[GIVEN ENTRIES Boundary: Start]

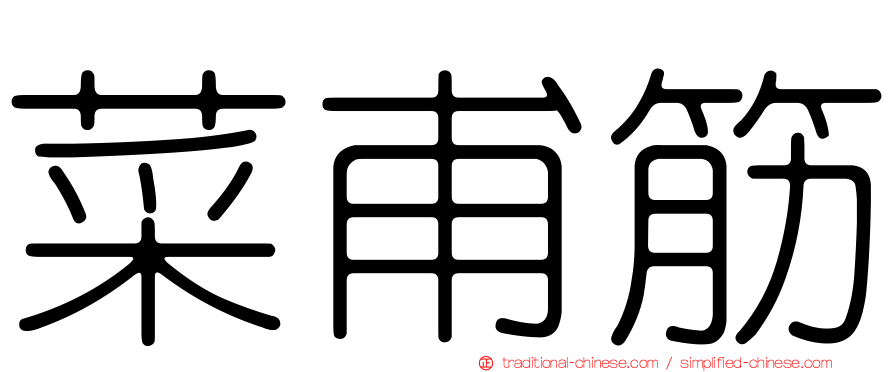 菜甫筋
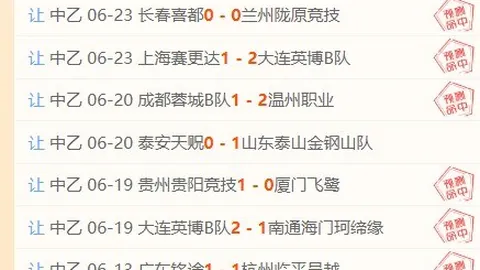米乐体育，米乐体育直播， 095507 98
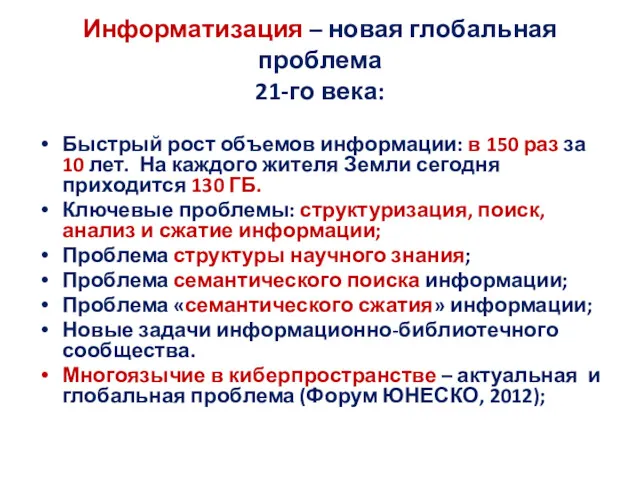 Информатизация – новая глобальная проблема 21-го века: Быстрый рост объемов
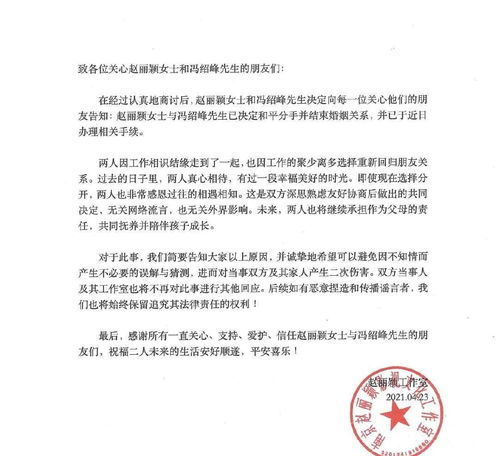爱情协议：与另一半签署合同，可行吗？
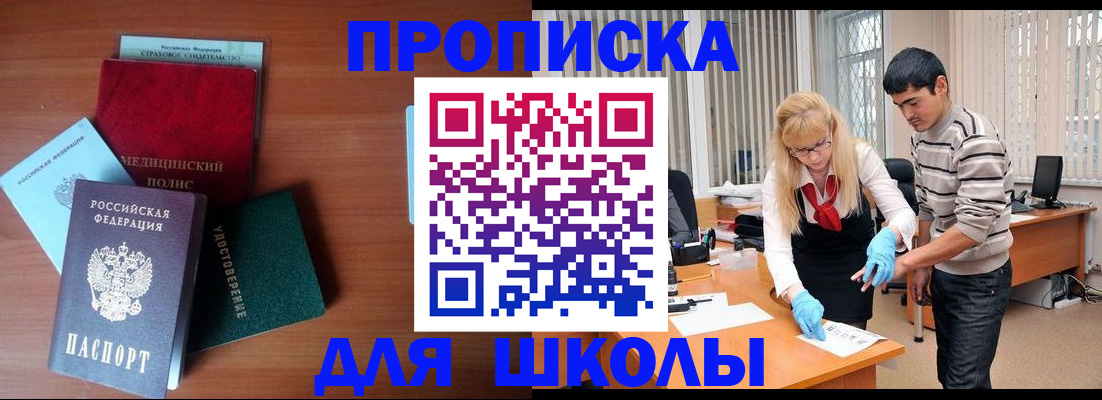 временная регистрация собственник в Еманжелинске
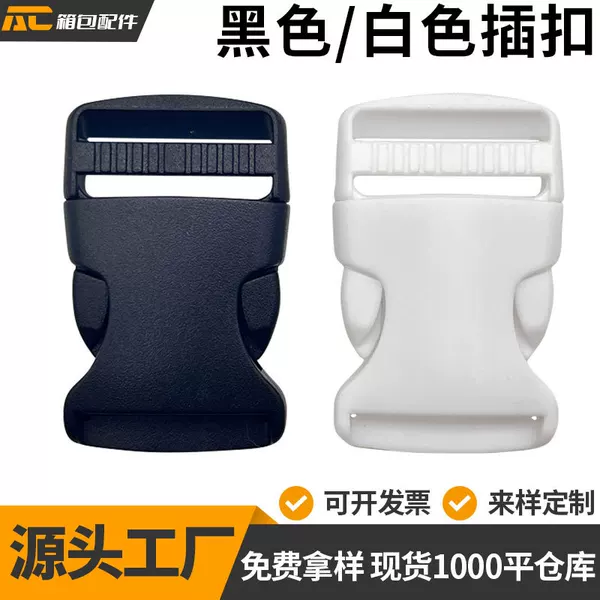 Black Plastic Buckle 6-Point Buckle Backpack Buckle Waist Bag Buckle Strap Adjustment Buckle High-Quality Snap Buckle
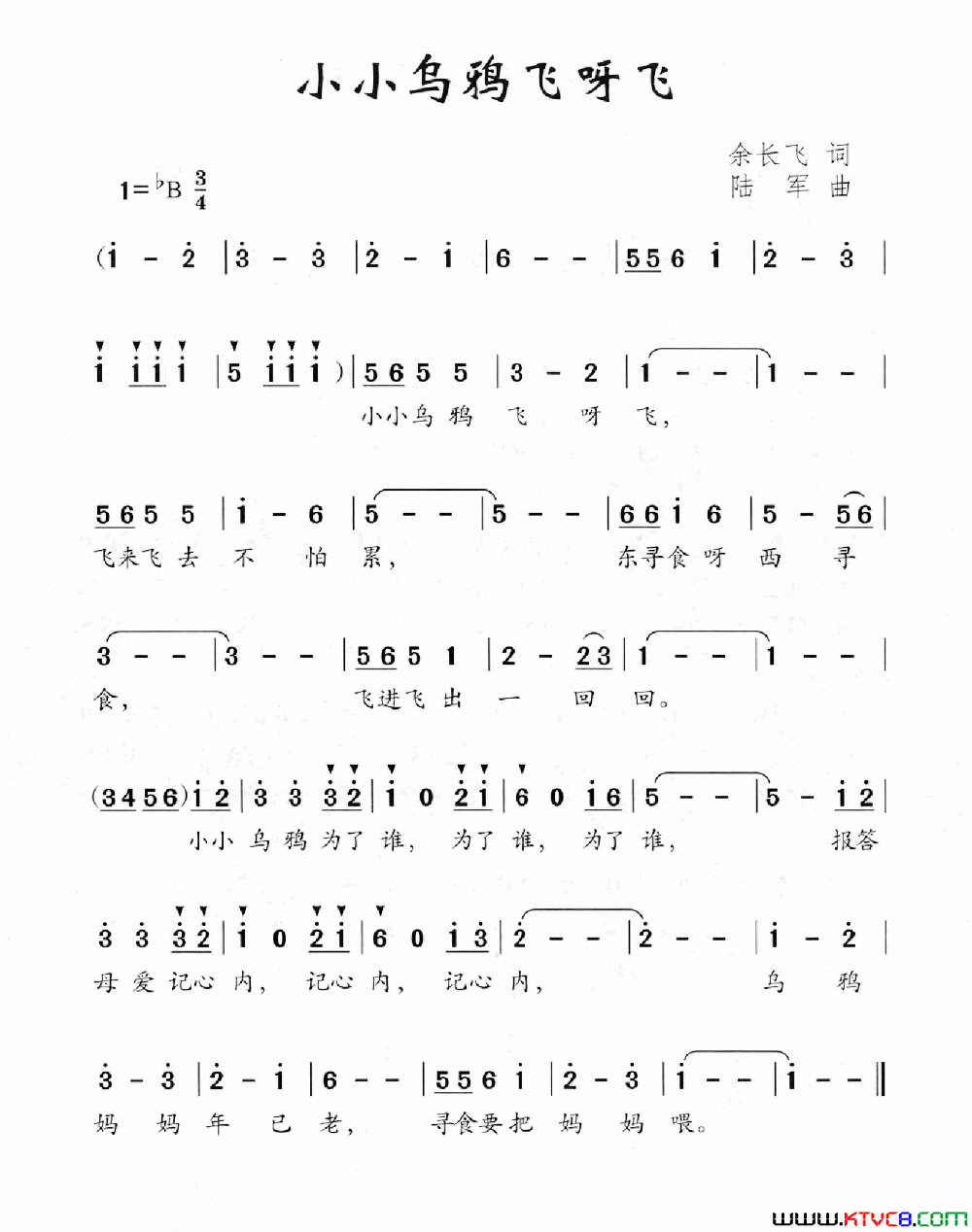 小小乌鸦飞呀飞简谱1
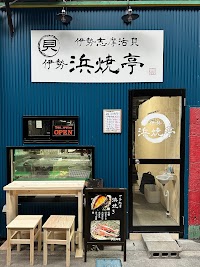 伊勢志摩活貝 伊勢浜焼亭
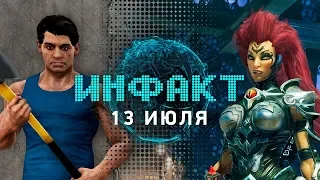 Что станет с «Ведьмаком», фильм по Uncharted, геймплей Darksiders 3, ремейк Commandos…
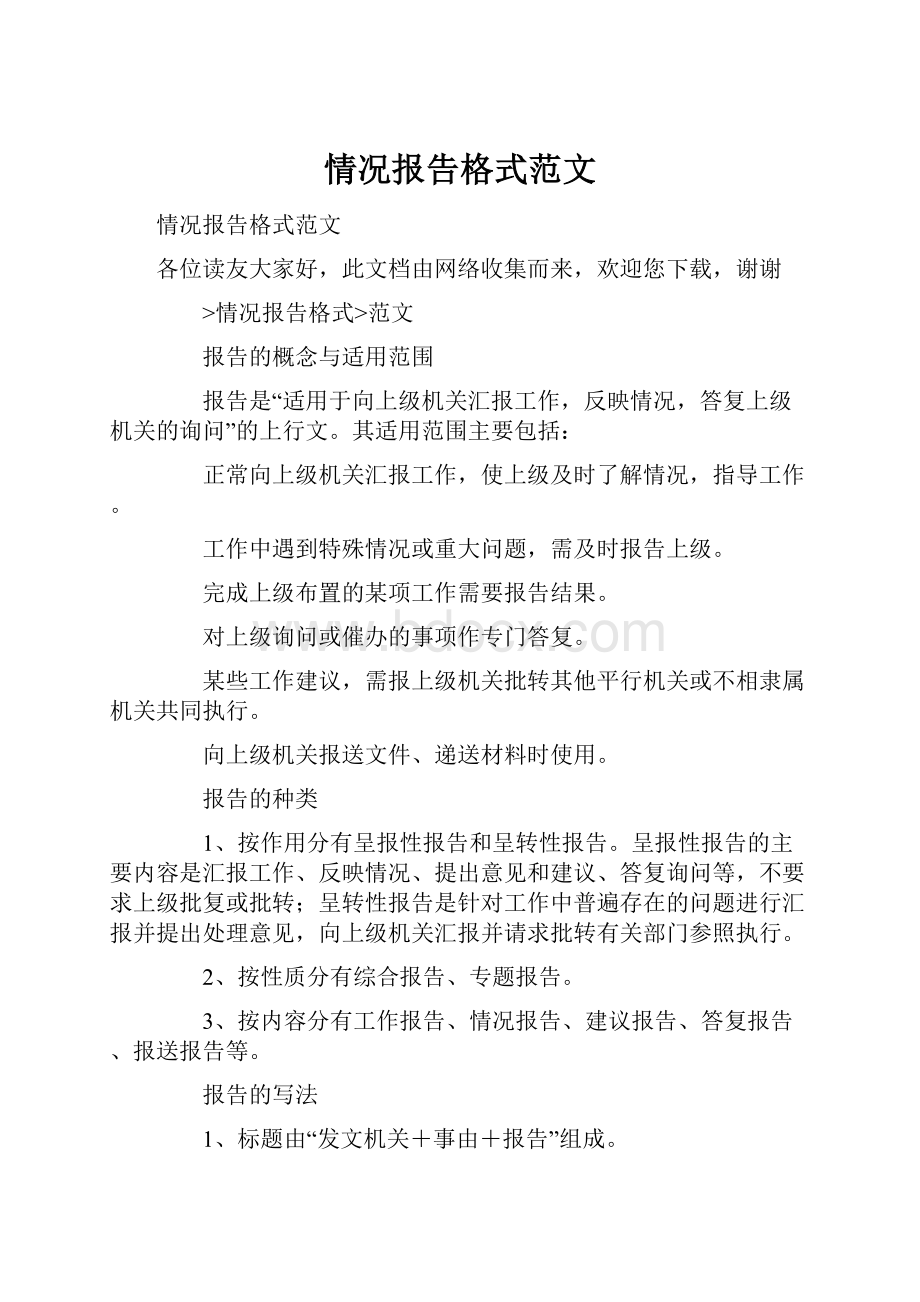 情况报告格式范文.docx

[GIVEN ENTRIES Boundary: End]

* _YOUR ASSIGNMENT_
Begin the copy at the line containing "Информатизация – новая" and end it at the final line of the material above, reproducing each line exactly and omitting pictures.

* _RESPONSE AREA_
 Информатизация – новая глобальная проблема 21-го века: Быстрый рост объемов
爱情协议：与另一半签署合同，可行吗？
 временная регистрация собственник в Еманжелинске
 Black Plastic Buckle 6-Point Buckle Backpack Buckle Waist Bag Buckle Strap Adjustment Buckle High-Quality Snap Buckle
 小小乌鸦飞呀飞简谱1
 伊勢志摩活貝 伊勢浜焼亭
 Что станет с «Ведьмаком», фильм по Uncharted, геймплей Darksiders 3, ремейк Commandos…
 情况报告格式范文.docx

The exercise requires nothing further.